Au mois de juin, nous vous parlions dans notre article intitulé « Les .xxx pour nous sauver tous ? » d’un projet que l’ICANN souhaitait mettre en place et qui consistait en la création d’un nom de domaine .xxx permettant de regrouper tous les sites pornographiques.

La contestation

Néanmoins, l’Administration Bush (voir notre actualité « Georges W.X.X.X Bush et le net » ) s’insurgeait contre cette idée qu’elle jugeait choquante. Il serait donc apparemment plus sain, si l’on suit le président des États-Unis, de chercher des armes de destructions massives que regrouper des sites hardcore sur un domaine afin de contenir ces actes de « destructions massives ». Nous ne sommes néanmoins pas là pour juger (nous vous laissons le soin de le faire sur le forum).

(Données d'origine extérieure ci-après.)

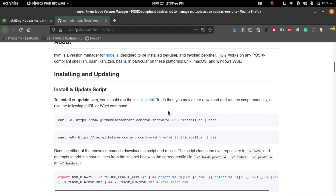For the REST API development, we need to install Node.js and MongoDB on our local system. I am going to show you how we will install Node.js and MongoDB on a Linux machine.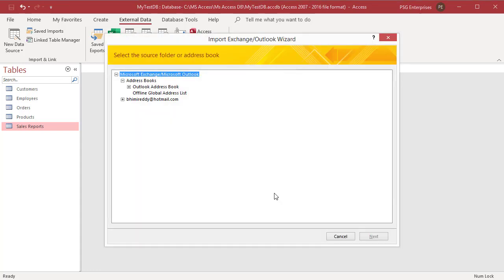The Import Exchange Outlook wizard opens. Select test contacts and click Next.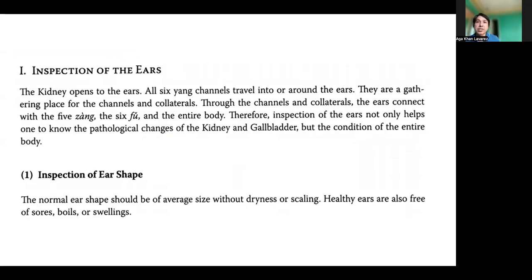Inspection of the ear: the kidney opens to the ear. All six Yang channels travel into or around the ear — they are a gathering place for the channels and collaterals. Through the channels and collaterals, the ear connects with the five Zang, the six Fu, and the entire body. Therefore, inspection of the ears not only helps one to know the pathological change of the kidney and gallbladder, but the condition of the entire body.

La meilleure défense reste la fuite !

On apprend aujourd’hui que l’ICANN (Internet Corporation for Assigned Names and Numbers) qui est le principal décideur de cette affaire, après avoir approuvé la création du domaine .xxx vient une nouvelle fois de reporter l’application de cette mesure, estimant que le comité à trop de sujet à l’ordre du jour pour avoir le temps de bien traiter cette affaire. Il semblerait surtout que l’organisation veuille encore tâter le terrain au regard des lettres de protestations qu’elle a reçu et qui affirment que le domaine .xxx « donnerai aux acteurs de la pornographie plus d’opportunités pour distribuer leurs impuretés sur Internet (…) en donnant de faux espoirs aux parents (…) [tout en donnant] de la légitimité à l’industrie pornographique hardcore »

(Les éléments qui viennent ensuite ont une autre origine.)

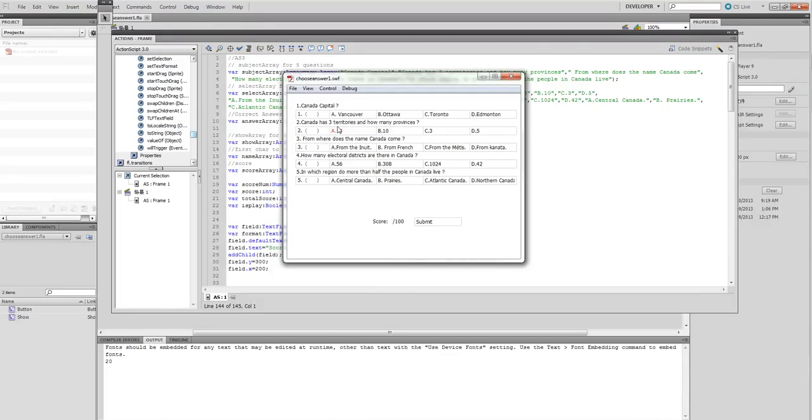In this video, I will show you how to use ActionScript 3 to do these questions and answers. You can click this one and get answers. This is the answers.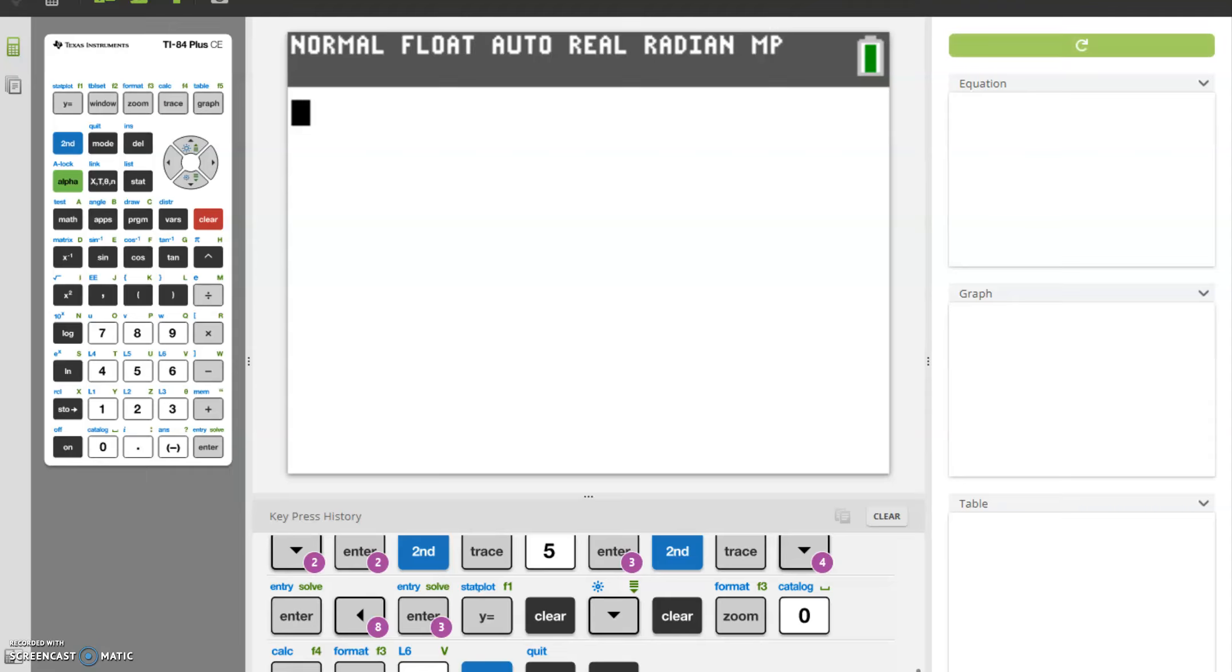For video 2 of Radical Expressions and Functions, I'm going to take you through how to pull up the square root function on your calculator. In the last video, we were looking to find out what the square root of 512 was.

Ce n’est pas ce que fait déjà Internet ? Je ne savais pas que la toile attendait le domaine .xxx pour développer cette industrie. Il faut juste que l’on m’explique alors pourquoi le mot « sex » génère déjà 233 000 000 résultats sur Google contre 228 000 000 pour le mot « peace » et seulement 126 000 000 pour « Second World War » ou 19 600 000 pour le mot « genocide ».

De plus, pour citer nos confrères de ArsTechnica, « la vraie question [NDLR: dans cette affaire] n’est pas où est le porno ou même le porno en général. C’est simplement qui contrôle Internet ».